Dial forward to my last company, EqualLogic, where we were among the first people to use a new standard for data storage over networks. Our lives depended on that standard working, and on our products working with everyone else out in the market. And to complicate matters, we were dependent on a somewhat obscure feature in the standard that very few people planned to use other than ourselves. This feature was mandatory in the standard, kind of like Instancing in NMEA 2000, but we expected many people would not implement it, or not test it, and if it didn't work, we would be the one to suffer. So we made a point of reaching out to every single vendor who we could find who was working on this stuff, educated them on the feature and how it was important, provided consulting to whatever extent they needed it, offered to test with them to be sure we worked together, and ultimately provided customers with a list of products that we knew we worked with. It turned out very well.
Now let's come back to the latest with N2K. Our electronics are all done and we left yesterday to go cruising. I powered everything up, including the autopilot, and all was well. Then I turned on the VHFs and right around then the autopilot alarmed saying that my heading source had changed. I have two sources, a sat compass and a rate compass, and the pilot is programmed to use the sat compass first, followed by the rate compass if needed. I checked which was currently in use, and it was the sat compass just as it should have been. Hummm, weirdness strikes again. I brushed it off and moved on. Well, over the course of our day it alarmed about 6 times. Each time I cleared the alarm and checked to see which compass it was using and it was correctly on the sat compass.
We made it to our destination and, got settled in to our slip, and went out to explore. The VHFs were off, but I left the pilot on to see if it would alarm again. It didn't. After dinner I decided to try a little experiment, and I turned the VHFs on again. Guess what? The pilot alarmed right away. WTF, right? So I broke out the analyzer and started looking at the data stream coming from the various devices. What I found was a storm of traffic every 10 seconds. The bus was going through an address claim process every 10 seconds, followed by everyone querying everyone to gather basic info. This is a normal process, but should only happen when there is a configuration change in the network, and it should only happen once. Things should then remain stable until there is some other change in the network, like powering on the VHFs.

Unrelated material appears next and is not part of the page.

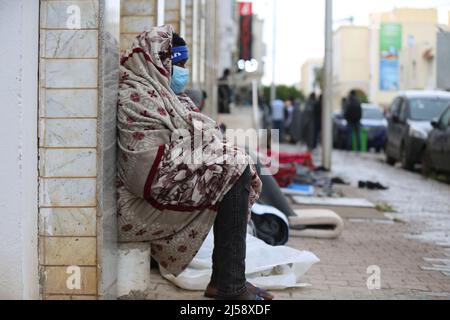 Tunisia. 21st Apr 2022. Decine di rifugiati e migranti in Tunisia chiedono evacuazione in altri paesi. I rifugiati, per lo più sopravvissuti ai tentativi di immigrazione clandestina via mare in Europa, hanno organizzato un sit-in davanti all'ufficio dell'Alto Commissariato delle Nazioni Unite per i rifugiati (UNHCR) nella capitale tunisina, Tunisi da sabato.'dobbiamo essere evacuati,' legge un banner che hanno appeso all'ingresso dell'edificio di Tunisi, Tunisia, il 21 aprile 2022. (Foto di Mohamed KRIT/ Credit: Sipa USA/Alamy Live News Foto Stock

These storms of traffic last for a second or two then settle down, and the storm gets bigger the more devices there are on the network. My working theory is that adding the VHFs pushed the storm size to the point where the pilot was occasionally missing enough heading report messages (it expects then 10 times a second) that it briefly declared the heading sensor dead, but then healthy again before I could even ack the alarm. I've had issues just like this in the past, and as soon as the trigger for the storm is removed, all the problems go away. I had chased down one cause for such storms and gotten it fixed via a firmware update, but now here it was again.
I've been digging into it today, and think I've traced it down to a request from one device that is obscure and arguably unexpected, that triggers a second device to request the address claim process and that sets off the storm. Take away either of these two elements and the storm disappears. And this may actually be brought on my yet a 3rd device that when first powered on correctly responds to the obscure request, but after being on for some number of hours or days seems to stop responding, possibly causing the requester to become more insistent. The part that's clear is the ongoing address claims being requested by one device. What's a little less clear is exactly what's triggering it.
The point is that it's all this tangled mumbo jumbo that leads to the simple complaint that "my auto pilot keeps losing heading", and customers and installers tearing their hair out trying to figure out why the VHF is messing up the autopilot, and vendors pointing the fingers at each other. It's only when you take a look with an analyzer that you see something is really amiss. Most boats would never know if they had such a problem brewing, yet would experience occasional "Gremlins".
My advice to vendors? Go Get a Room and plug away.